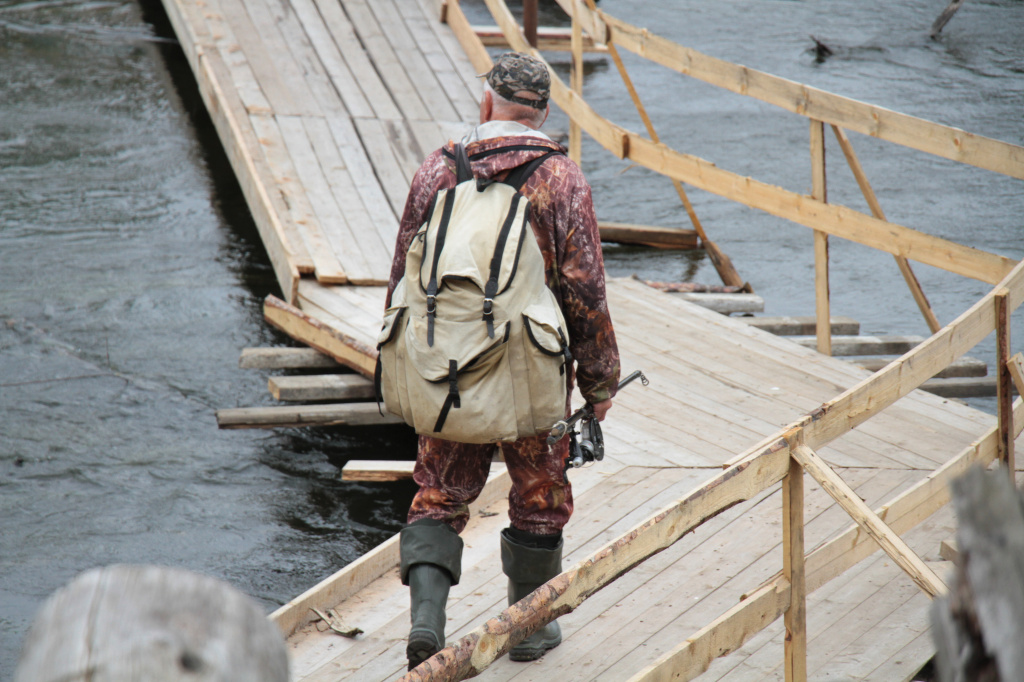 Мостом активно пользуются рыбаки. Фото: Константин Бобылев, "Глобус".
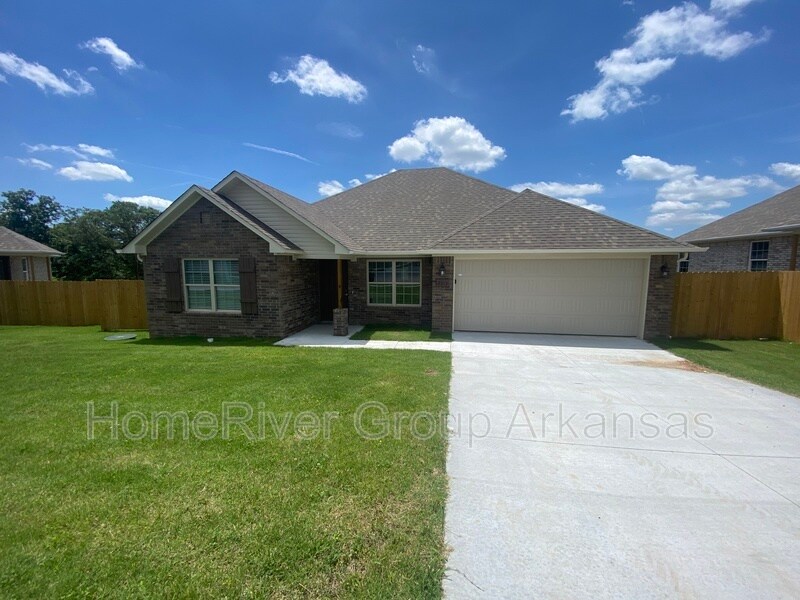 2213 Misti Woods St, Gentry, AR 72734 House for Rent in Gentry, AR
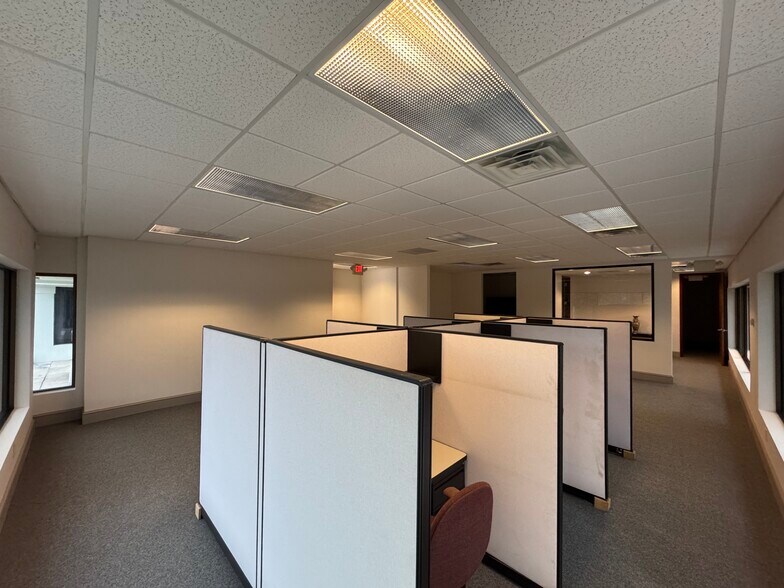 More Photos Of 2707 Buford Hwy, Atlanta Office For Sale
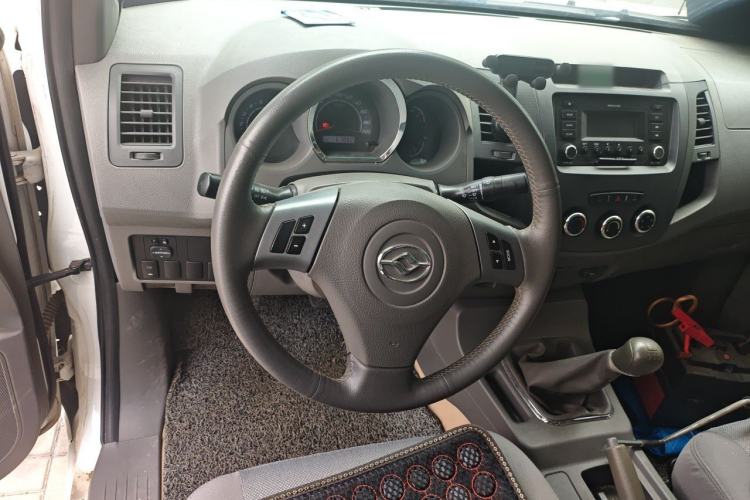 Used Huanghai N3  Steering Wheel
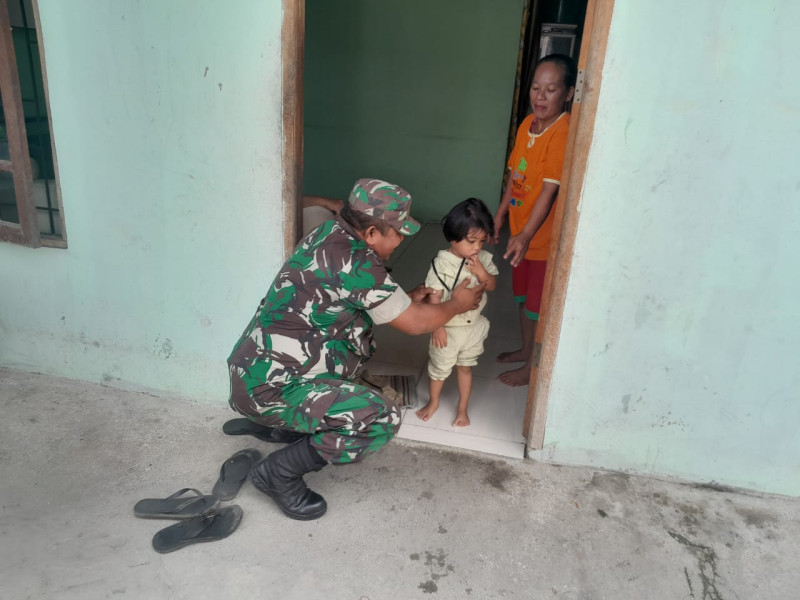 Babinsa Koramil 04/Perwang Sertu Venus Luberto Sambangi Kediaman Warga Binaan di Perawang Barat Untuk Lakukan Pengecekan Anak Stunting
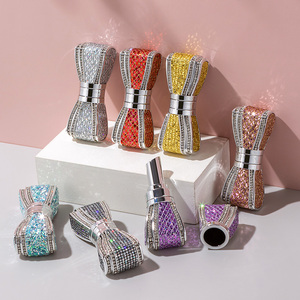 2025 sang trọng tùy chỉnh Slim BOW TIE Lip Balm ống thân thiện với môi rỗng nhãn hiệu riêng hộp nhựa - Product Image 1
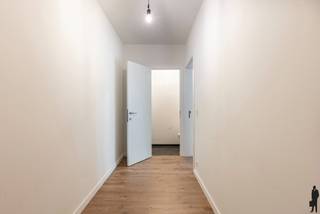 <h2>Stijlvol appartement met 2 slaapkamers in hartje <span><span>Hoogstraten</span></span></h2>
<p>In het bruisende centrum van Hoogstraten, op wandelafstand van winkels, horeca en openbaar vervoer, vindt u dit smaakvol ingericht appartement van 103 m². Hier woont u centraal én rustig.</p>
<p>De lichtrijke leefruimte met moderne open keuken vormt het hart van de woning en zorgt voor een aangename, comfortabele woonbeleving. Verder beschikt het appartement over twee volwaardige slaapkamers, ideaal voor een koppel, klein gezin of wie extra ruimte wenst voor bureau of hobby.</p>
<p>Een privatieve parkeerplaats biedt extra comfort in het centrum. Bovendien is er mogelijkheid tot het plaatsen van zonnepanelen, wat dit appartement ook toekomstgericht maakt.</p>
<p><strong>Troeven:</strong></p>
<ul>
<li>
<p>103 m² bewoonbare oppervlakte</p>
</li>
<li>
<p>2 ruime slaapkamers</p>
</li>
<li>
<p>Centrale ligging</p>
</li>
<li>
<p>Instapklaar en verzorgd</p>
</li>
<li>
<p>Privatieve parkeerplaats</p>
</li>
<li>
<p>Mogelijkheid tot zonnepanelen</p>
</li>
</ul>
<p>Een ideale kans voor wie comfortabel en centraal wil wonen in Hoogstraten.</p>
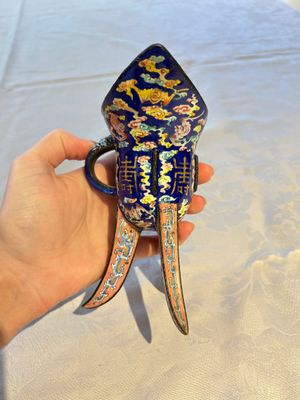 A Chinese Canton enamel tripod ritual wine vessel with bats and 'Shou' design, 'Jue 爵', 19th C. — photo 4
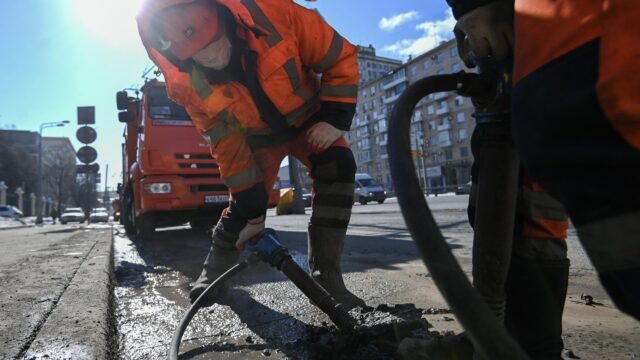 Кодалаев: провал в земле в Новосибирске частично обрушился после ливня Рабочие ремонтируют дорогу - РИА Новости, 1920, 17.07.2026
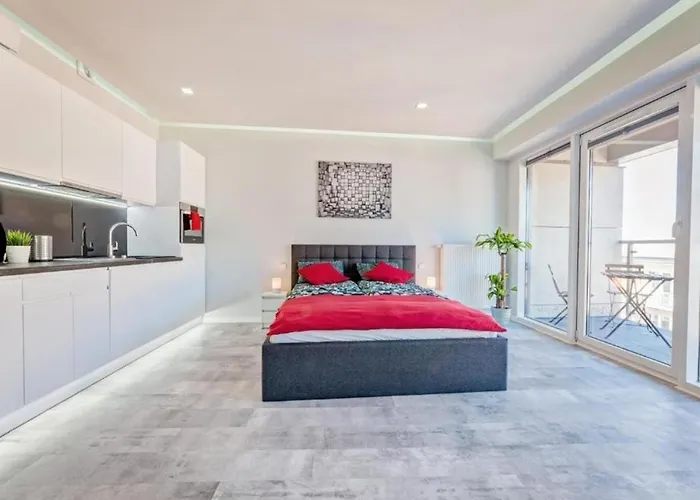 Апартаменти Good Time Boznicza 1 & Male Garbary 8 - Centrum Poznania, 2 Min Od Starego Rynku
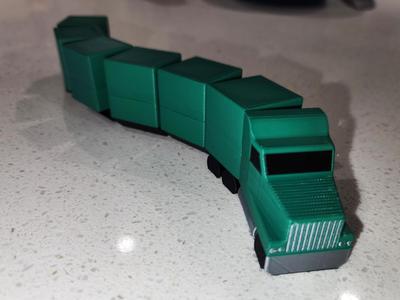 Flexi semi truck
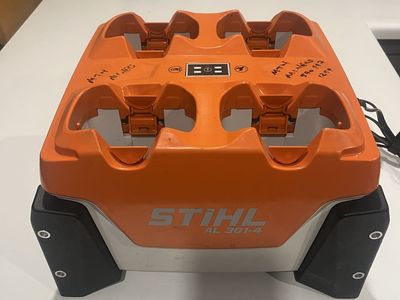 Stihl AL 301-4 battery charger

※ ※ ※

_EXERCISE DETAILS_.
Reproduce the data above exactly, but only from the line containing "<p>Een ideale kans" through the line containing "A Chinese Canton"; skip the pictures.

_FINISHED EXERCISE_.
<p>Een ideale kans voor wie comfortabel en centraal wil wonen in Hoogstraten.</p>
 A Chinese Canton enamel tripod ritual wine vessel with bats and 'Shou' design, 'Jue 爵', 19th C. — photo 4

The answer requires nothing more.